Shortly after Boomer's outburst, he and his friends rounded a bend and noticed three sheriff's deputies on the river bank staring at them with binoculars. As Boomer's friends sat dumbfounded in their boats, one of the deputies handed him a misdemeanor citation.
The charge: cussing in front of women and children, which carries a penalty of up to 90 days in jail and a $100 fine.
Boomer got back in his boat, put the ticket in a plastic bag and continued down the river.
Several weeks later, he made a court appearance and was told he would have to return for a second court date. He realized the citation wouldn't go away without inconvenience and cost. He decided to call the ACLU.
William Street, a Saginaw, Mich., lawyer affiliated with the civil liberties group, studied the facts, studied the law and concluded that the century-old statute was "something that a court should just take behind the barn and put a bullet in."
On Jan. 25, a hearing will be held in Arenac County's 81st District Court on the attorney's motion to dismiss the case.
Street says he plans a vigorous assault on the law. He filed a 31-page brief citing numerous cases where the courts have extended First Amendment protection to public swearing. Among them is a U.S. Supreme Court case upholding the right of a Vietnam War protester to enter a courthouse wearing a profanity-inscribed jacket defaming the draft.
Street argues that the U.S. Supreme Court protects most speech except "fighting words" and "obscene" language. And by today's standards, Street insists, whatever Boomer might have yelled certainly isn't obscene.
"What defines 'indecent' language today in American public discourse, in the age of MTV, shock-trash radio and the 'Starr Report' to Congress?" Street wrote in his brief.
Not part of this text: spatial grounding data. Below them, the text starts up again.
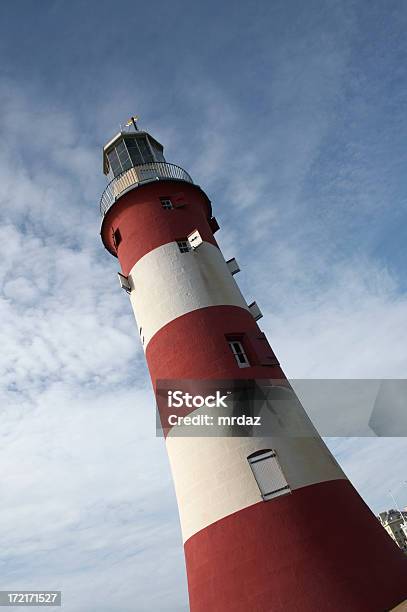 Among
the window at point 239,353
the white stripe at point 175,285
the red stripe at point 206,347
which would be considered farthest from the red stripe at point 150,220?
the window at point 239,353

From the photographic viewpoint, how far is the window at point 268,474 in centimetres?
1074

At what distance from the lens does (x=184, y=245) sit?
1582cm

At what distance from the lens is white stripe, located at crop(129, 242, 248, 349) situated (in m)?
14.3

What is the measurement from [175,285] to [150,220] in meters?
3.30

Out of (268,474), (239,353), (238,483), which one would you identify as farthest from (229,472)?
(239,353)

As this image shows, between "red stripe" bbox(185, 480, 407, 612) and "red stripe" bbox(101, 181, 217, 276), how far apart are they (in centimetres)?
965

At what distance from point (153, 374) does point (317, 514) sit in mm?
6483

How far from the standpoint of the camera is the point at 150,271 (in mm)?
15453

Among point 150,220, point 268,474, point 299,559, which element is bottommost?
point 299,559

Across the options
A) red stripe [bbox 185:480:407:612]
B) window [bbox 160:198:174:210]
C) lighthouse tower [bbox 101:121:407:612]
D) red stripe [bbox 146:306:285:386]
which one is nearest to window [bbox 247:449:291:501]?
lighthouse tower [bbox 101:121:407:612]

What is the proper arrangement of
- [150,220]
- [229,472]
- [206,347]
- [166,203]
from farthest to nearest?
[166,203]
[150,220]
[206,347]
[229,472]

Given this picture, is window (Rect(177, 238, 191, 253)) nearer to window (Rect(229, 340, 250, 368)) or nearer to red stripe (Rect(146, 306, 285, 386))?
red stripe (Rect(146, 306, 285, 386))

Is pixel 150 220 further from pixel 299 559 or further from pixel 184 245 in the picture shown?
pixel 299 559

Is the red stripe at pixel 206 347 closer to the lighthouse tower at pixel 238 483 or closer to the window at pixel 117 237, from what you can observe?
the lighthouse tower at pixel 238 483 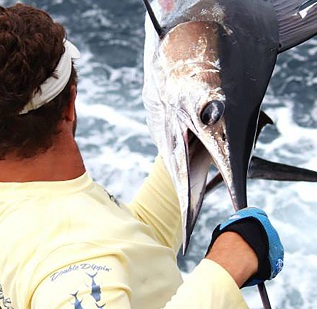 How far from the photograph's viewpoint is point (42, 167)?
1.32 metres

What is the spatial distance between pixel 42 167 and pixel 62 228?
0.15 metres

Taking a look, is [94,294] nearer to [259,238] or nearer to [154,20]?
[259,238]

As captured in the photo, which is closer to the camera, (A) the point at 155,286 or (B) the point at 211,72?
(A) the point at 155,286

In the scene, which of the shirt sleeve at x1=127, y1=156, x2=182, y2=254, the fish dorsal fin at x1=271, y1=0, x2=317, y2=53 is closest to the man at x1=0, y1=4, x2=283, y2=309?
the shirt sleeve at x1=127, y1=156, x2=182, y2=254

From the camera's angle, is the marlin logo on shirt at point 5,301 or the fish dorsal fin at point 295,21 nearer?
the marlin logo on shirt at point 5,301

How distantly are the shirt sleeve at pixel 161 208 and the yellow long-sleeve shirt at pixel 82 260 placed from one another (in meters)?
0.30

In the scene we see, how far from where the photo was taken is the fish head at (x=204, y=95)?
145 cm

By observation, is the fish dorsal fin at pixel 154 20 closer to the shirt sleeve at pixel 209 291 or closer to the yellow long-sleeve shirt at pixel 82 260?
the yellow long-sleeve shirt at pixel 82 260

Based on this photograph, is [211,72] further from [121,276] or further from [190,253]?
[190,253]

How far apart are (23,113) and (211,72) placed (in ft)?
1.41

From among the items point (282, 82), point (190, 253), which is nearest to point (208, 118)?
point (190, 253)

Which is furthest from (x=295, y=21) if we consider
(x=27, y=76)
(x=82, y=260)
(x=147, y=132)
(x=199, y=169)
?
(x=147, y=132)

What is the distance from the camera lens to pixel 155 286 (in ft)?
4.54

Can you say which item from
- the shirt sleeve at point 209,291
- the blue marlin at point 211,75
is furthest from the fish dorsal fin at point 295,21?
the shirt sleeve at point 209,291
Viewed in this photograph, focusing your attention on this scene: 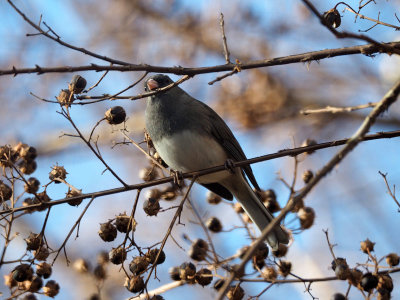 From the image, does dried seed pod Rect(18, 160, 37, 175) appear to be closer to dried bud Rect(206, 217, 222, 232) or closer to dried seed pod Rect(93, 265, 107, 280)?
dried seed pod Rect(93, 265, 107, 280)

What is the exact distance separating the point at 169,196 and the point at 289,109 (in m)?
2.57

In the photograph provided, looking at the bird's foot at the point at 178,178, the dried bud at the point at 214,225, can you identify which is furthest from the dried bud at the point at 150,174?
the dried bud at the point at 214,225

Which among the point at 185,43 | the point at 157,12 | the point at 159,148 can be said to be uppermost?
the point at 157,12

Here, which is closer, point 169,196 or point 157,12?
point 169,196

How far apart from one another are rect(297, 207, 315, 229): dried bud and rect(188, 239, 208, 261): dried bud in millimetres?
529

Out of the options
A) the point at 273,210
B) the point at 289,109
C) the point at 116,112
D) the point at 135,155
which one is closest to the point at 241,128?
the point at 289,109

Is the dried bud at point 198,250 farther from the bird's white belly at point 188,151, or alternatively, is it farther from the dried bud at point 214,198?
the bird's white belly at point 188,151

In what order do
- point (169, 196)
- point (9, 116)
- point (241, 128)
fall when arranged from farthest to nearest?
point (9, 116) → point (241, 128) → point (169, 196)

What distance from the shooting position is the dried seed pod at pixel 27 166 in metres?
2.72

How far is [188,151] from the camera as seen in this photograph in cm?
328

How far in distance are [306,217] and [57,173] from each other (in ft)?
4.28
Nonsense, say Arenac County prosecutors, who have no intention of dropping the charges. Boomer's conduct wasn't "speech" because "it wasn't an expression of an idea or thought," Vollbach says.
He cites a sheriff's report saying Boomer's voice could be heard a quarter-mile down the river.
"Obviously I don't want to make my living prosecuting potty mouths," Vollbach said, "but the officer thought it was offensive enough to issue a ticket, and I'm going to go ahead and prosecute it."
In recent weeks, as the lawyers have haggled over the First Amendment, Boomer has been alarmed to discover his name invoked as an example of the linguistic excesses of an entire generation.
In Arizona, Boomer's uncle attended a church sermon and the pastor mentioned Boomer's case as an example of how vulgar today's youth had become. Instead of cursing, the pastor intoned, young people should learn to say "Amen."
Several weeks ago, a news crew from CBS flew to Michigan to talk to Boomer for a story on the proliferation of foul language in America. The piece is tentatively scheduled to air in February.